Personally, I'm coming to really like neither "forbid" nor
"literal" but rather "absolutize with strict interpretation of
base" plus "discourage mixing relative and absolute forms for
same NS name".

This is effectively "literal" except when comparing relative
URI forms with different base contexts.

Define the base for a relative URI used as a NS name:

 a) a namespace declaration establishes the base for any subsequent
    namespace declaration attributes in any embedded tags.
 b) in lieu of any surrounding namespace declarations, the 'base' for
    a namespace declaration is the pseudo-scheme 'xmlns-base:/'.
    In no case is the base used for namespace absolutization to be
    taken from the containing document.

This is different than any current recommendations, but it gives
the desired effect in most cases and for most existing documents.
It means that the interpretation of namespace names in an
XML document does not depend on the URI of the document itself,
but only on the contents of the document. It allows relative forms
that are really only used within a single context and aren't intended
to escape out, and also allows for nested namespaces if those turn
out to be desirable.

>   5.2. Resolving Relative References to Absolute Form
> of the rfc2396 should be applied to URI expected to be used as namespace
> name (i.e. before namespace name creation, not when handling them). So
> that "http://www.example.org/./a" is still a valid namespace name,
> but be clearly flagged as "bad practice".

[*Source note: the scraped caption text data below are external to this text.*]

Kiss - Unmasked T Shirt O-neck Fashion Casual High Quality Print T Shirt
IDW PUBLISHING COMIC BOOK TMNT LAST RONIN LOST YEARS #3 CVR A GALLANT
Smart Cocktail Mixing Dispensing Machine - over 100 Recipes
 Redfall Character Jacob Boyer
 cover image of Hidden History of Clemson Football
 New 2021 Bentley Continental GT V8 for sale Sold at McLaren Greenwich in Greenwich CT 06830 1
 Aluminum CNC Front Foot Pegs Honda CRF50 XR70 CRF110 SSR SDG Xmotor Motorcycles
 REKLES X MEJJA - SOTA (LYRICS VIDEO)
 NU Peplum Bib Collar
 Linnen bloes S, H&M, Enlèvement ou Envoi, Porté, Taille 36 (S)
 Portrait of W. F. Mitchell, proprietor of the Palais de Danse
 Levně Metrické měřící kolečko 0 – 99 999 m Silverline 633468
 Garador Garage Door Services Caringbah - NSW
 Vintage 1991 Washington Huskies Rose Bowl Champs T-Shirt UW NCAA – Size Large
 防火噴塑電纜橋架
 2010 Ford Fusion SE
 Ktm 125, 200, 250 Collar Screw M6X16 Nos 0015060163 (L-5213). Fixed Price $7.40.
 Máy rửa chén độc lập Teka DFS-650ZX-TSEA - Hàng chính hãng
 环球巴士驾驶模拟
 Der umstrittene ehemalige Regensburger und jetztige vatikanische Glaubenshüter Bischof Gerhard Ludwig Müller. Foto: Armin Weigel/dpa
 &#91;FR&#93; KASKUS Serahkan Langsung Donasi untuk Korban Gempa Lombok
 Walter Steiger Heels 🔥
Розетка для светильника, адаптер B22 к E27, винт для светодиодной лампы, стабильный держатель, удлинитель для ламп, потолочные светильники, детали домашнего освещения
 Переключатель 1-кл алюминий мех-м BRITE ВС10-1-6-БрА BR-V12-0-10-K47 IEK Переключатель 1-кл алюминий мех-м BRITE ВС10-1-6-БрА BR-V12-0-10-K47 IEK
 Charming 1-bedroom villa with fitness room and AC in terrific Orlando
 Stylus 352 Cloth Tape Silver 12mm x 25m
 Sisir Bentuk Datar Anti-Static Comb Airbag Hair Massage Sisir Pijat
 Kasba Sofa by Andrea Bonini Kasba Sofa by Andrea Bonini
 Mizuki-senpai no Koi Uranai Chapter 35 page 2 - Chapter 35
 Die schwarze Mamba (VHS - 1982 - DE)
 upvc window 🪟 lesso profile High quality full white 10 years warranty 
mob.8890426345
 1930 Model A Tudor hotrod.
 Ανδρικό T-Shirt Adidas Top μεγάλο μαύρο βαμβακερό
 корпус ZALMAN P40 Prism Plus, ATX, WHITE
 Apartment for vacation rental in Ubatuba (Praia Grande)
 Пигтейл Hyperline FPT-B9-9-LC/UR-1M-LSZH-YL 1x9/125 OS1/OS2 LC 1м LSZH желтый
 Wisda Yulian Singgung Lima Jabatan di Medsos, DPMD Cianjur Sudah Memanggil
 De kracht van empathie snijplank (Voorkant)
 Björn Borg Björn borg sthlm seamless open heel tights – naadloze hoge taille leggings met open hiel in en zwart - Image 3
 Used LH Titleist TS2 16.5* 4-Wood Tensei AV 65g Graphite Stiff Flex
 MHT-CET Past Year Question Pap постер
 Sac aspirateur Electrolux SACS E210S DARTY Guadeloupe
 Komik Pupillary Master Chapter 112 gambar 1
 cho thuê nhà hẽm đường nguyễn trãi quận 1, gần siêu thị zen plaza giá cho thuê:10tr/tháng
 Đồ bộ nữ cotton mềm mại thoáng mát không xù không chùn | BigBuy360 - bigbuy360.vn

In general, URIs that would (likely) be equivalent as far as determining
which
resource was identified but not byte-for-byte equal should be "bad
practice", although inline "." and ".." are not the worst offenders.
To be specific, there is no guarantee that "http://www.example.org/a/./b"
is equivalent to "http://www.example.org/a/b" for any web server, so there's
no reason to assume that these two namespaces would be the same (unlike
http://WWW.EXAMPLE.ORG/a/b and http://www.example.org/a/b which ARE
defined to be equivalent as far as accessing the resources are concerned.)